Deborah Piazza, an attorney representing Finger Lakes racetrack, said that U.S. Bankruptcy Judge Martin Glenn, during a hearing on Tuesday, indicated that the New York State Racing and Wagering Board may be given the opportunity to settle a dispute between the state's racing industry and New York City OTB over the payments. The Tuesday hearing was scheduled to consider arguments on a motion by Finger Lakes and Yonkers Raceway to compel New York City OTB to make the payments.

Glenn did not rule on the motion on Tuesday, but instead asked the parties to provide "supplementary briefing materials" on legal matters pertaining to the motion to the court by July 21, according to Piazza. Glenn did not make it clear if he intended to rule on that date on the motion, Piazza said.

New York City OTB, which filed for chapter 9 bankruptcy earlier this year, decided to delay payments to the racing industry in April as part of a cash-management policy.
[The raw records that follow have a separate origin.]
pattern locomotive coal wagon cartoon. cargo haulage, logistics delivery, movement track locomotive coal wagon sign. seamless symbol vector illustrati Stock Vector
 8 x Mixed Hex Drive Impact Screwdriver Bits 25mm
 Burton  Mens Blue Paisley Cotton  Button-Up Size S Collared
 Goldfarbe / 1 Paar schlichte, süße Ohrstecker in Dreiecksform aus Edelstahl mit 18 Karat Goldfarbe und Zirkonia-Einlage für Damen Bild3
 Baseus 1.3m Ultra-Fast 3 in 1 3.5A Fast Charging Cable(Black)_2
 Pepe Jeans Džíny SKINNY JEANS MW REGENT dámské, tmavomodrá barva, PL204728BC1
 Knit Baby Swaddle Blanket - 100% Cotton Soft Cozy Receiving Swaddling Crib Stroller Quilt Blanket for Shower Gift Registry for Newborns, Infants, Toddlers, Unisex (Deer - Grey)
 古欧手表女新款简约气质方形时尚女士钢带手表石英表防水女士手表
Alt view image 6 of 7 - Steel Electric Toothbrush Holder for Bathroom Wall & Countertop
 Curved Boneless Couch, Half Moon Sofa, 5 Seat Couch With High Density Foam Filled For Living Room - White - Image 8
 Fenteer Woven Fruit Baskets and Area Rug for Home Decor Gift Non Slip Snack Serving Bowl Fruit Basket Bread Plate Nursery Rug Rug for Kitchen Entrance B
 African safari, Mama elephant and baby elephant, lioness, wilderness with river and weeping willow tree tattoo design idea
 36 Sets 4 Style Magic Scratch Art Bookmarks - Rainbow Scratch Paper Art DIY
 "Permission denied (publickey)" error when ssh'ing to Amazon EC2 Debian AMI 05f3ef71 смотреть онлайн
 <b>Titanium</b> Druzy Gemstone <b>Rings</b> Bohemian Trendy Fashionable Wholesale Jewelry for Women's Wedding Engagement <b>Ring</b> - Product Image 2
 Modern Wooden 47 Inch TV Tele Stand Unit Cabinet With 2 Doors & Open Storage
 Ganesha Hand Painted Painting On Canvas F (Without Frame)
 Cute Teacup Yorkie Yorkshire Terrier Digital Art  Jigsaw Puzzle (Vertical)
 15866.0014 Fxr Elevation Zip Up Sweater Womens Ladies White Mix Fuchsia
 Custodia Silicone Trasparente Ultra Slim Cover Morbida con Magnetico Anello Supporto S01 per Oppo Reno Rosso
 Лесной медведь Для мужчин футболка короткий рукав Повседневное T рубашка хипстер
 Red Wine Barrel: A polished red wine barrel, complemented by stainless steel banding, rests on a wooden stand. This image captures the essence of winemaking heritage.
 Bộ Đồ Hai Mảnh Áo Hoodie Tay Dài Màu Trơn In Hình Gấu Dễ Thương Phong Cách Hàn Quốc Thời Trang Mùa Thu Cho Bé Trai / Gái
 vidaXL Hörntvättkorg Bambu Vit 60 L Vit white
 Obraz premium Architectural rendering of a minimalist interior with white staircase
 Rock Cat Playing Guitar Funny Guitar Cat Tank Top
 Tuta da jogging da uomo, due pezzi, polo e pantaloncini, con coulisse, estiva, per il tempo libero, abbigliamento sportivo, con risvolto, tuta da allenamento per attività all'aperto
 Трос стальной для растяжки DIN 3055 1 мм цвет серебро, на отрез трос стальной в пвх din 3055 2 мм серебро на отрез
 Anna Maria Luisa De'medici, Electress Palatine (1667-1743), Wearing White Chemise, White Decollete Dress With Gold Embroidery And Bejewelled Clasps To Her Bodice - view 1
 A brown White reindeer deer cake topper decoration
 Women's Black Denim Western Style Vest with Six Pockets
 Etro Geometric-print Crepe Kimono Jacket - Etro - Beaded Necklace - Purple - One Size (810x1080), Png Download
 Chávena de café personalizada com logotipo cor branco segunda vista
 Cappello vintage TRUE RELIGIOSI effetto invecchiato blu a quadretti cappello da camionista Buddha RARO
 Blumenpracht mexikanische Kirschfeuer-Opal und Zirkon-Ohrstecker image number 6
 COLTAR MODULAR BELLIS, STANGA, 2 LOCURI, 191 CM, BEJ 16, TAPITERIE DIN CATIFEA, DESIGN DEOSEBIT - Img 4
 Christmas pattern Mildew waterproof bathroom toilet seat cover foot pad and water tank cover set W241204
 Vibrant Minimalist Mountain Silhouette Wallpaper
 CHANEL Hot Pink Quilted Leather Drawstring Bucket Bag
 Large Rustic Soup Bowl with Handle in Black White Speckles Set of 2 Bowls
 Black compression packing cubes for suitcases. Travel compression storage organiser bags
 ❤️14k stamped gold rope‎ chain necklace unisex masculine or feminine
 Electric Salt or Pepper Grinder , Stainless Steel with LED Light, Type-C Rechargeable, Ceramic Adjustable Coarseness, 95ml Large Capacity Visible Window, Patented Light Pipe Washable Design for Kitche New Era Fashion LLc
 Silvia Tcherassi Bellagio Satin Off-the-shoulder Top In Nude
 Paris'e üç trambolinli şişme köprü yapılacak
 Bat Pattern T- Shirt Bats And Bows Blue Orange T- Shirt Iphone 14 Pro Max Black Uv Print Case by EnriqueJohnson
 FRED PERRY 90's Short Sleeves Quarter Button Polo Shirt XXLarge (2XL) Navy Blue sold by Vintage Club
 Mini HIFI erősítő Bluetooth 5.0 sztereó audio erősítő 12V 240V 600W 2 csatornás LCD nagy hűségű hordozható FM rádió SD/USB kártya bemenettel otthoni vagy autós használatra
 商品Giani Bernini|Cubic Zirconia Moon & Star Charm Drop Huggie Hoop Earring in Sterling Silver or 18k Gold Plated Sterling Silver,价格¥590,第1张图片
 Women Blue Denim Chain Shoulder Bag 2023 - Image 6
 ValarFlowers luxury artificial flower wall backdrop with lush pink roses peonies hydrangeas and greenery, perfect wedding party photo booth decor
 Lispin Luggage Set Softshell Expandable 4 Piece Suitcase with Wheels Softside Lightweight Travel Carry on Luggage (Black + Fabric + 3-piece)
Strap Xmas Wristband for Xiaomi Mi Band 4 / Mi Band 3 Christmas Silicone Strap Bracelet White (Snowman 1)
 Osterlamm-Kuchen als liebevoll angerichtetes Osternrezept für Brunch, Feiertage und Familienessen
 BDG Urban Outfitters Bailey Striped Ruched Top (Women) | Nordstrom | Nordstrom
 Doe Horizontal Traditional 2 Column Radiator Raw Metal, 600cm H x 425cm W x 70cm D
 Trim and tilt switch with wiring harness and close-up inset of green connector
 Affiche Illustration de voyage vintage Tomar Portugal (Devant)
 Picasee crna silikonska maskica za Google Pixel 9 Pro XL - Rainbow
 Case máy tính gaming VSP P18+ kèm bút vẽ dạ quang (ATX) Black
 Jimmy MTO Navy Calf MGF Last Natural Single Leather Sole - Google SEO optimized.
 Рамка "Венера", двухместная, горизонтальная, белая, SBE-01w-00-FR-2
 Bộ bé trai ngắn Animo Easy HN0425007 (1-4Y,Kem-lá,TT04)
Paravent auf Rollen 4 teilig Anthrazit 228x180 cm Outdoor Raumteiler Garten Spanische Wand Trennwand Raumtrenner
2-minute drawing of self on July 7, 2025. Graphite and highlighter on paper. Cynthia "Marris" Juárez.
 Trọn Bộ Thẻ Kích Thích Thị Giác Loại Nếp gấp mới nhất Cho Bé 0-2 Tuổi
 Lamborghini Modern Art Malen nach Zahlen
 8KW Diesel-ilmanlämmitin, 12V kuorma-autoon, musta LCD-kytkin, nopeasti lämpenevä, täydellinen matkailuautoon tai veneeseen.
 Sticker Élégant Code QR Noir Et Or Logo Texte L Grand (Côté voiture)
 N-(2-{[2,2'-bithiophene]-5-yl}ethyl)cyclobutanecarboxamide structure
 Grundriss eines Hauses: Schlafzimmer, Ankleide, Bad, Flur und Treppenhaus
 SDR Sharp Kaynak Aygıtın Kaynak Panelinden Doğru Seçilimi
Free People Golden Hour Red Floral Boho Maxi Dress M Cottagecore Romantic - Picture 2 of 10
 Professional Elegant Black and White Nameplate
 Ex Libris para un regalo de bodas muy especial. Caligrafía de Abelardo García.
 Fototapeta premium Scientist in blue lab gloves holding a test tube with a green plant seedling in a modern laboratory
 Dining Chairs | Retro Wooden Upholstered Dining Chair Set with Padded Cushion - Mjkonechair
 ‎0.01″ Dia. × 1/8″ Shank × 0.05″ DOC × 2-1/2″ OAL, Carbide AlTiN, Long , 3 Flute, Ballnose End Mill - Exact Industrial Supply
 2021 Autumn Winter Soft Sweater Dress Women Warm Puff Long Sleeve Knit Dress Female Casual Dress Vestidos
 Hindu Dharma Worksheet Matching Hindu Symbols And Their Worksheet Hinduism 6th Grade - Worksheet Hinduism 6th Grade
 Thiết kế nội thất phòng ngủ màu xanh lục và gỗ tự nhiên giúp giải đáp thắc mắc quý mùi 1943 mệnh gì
The policy has been criticized by the state's racetracks and horsemen.

Robert Garry, OTB's chief financial officer, said in a filing with the court on July 12 that the decision to delay the payments has allowed OTB "to manage its cash flows, maintain operations, pay all current operating expenses and generate handle for current and future distribution to the racetracks."

In court filings, attorneys for the plaintiffs have said that the decision violates state laws that require all handle-generated revenues to be distributed by statutory formula.